Q: What is the overall process for setting up sensors, interfaces, interface sets, detection engines, and IDS policies?

A:

I'll refer to each appliance as a "sensor".

1. Figure out how many detection engines each sensor supports. My IS1000 supports one, and the IS2100 supports two. It took me some recursion to figure this out; the only indicator is the pulldown in the "detection engine" screen. We're going to end up assigning interfaces to a detection engine, and then applying policy to groups of detection engines.
2. Bring up your interfaces. One at a time, attach a live cable to the interface, and use ifconfig -a from the command line to figure out which one you just connected to. Leave the interfaces at autodetect to avoid problems. If you get a stuck interface, reboot the sensor.
3. Navigate to Operations//Configuration//Detection Engines. We'll be working from here.
4. "Network interface" screen. Edit each interface. Give it a description according to what it is monitoring. Leave "auto-negotiate" on but set the Link Mode to your favorite setting.
5. "Interface sets" screen.

   First delete any default interface sets; these glom onto all of your interfaces when you first start, and prevent you from assigning the interfaces anywhere else.

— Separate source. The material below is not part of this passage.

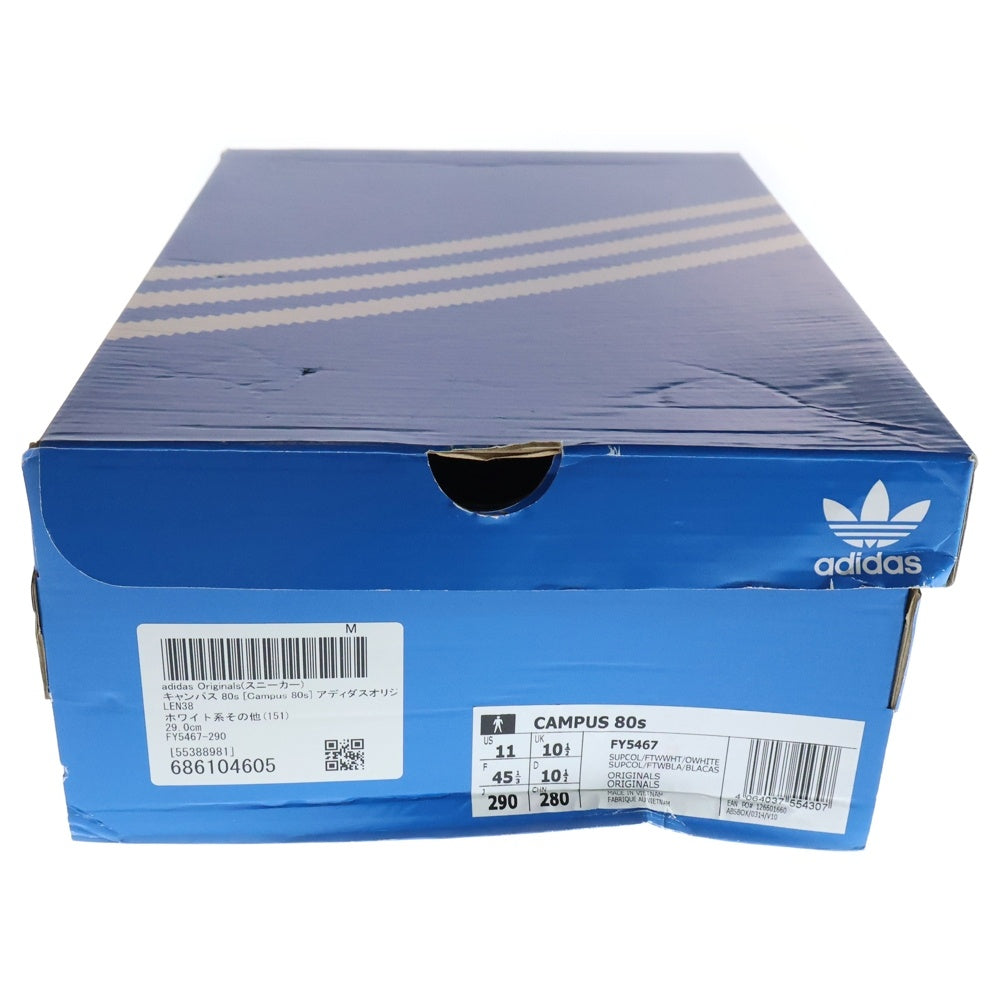 adidas(アディダス) CAMPUS 80S キャンパス サイドライン ローカットシューズ ホワイト US11/29cm FY5467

   Think backwards from how many detection engines the sensor has, and the names of the policies you are going to (later) apply to them. For each D.E. (which you'll set up later), create an interface set. Make its description 'idsname-policyname'. For instance, I have an interface set on ids3 which has the policy 'domain controllers'; the interface set name is therefore ids3-domain-controllers.

6. "Detection engines" screen. Create a D.E. called 'policyname idsname'. For instance, domain-controllers-ids3. Description is unnecessary. Type is IDS. Select the interface set which it corresponds to (this should be easy, because of the way you named it). Now here's the tricky part: under the "Detection resources" pulldown choose "1". This pulldown shows you the number of remaining Detection Engines on your sensor. (Remember the first step above? This step confirms for you that you correctly guessed the number of D.E. supported by the sensor). Note: the number in the pulldown is not the cardinal number of the engine. It is the number of engines remaining to be used on the sensor. Repeat for all D.E.s that you have available.
7. If you have more than one D.E. which will have the same IDS policy, create a group for them.

8. Now you can go over and create you IDS policies (Policy & Response//Intrusion Sensor//Detection & Prevention); when you with to apply them, you can apply them to the individual engines or groups. Keeping the names consistent, as we have done, will help you avoid making mistakes when applying policies. What you end up with is policies which apply to interfaces like this: policy (applies to) detection engine(s) (applies to) interface group (applies to) interface(s).

   For instance, my policy "IDS domain controllers" applies to D.E. group "domain controllers" which contains the D.E. "dom-ctrl-ids3" and "dom-ctrl-ids4". "dom-ctrl-ids3" is assigned to interface set "ids3-dom-ctrl" which contains the interfaces on ids3 which are listening to domain controller ports.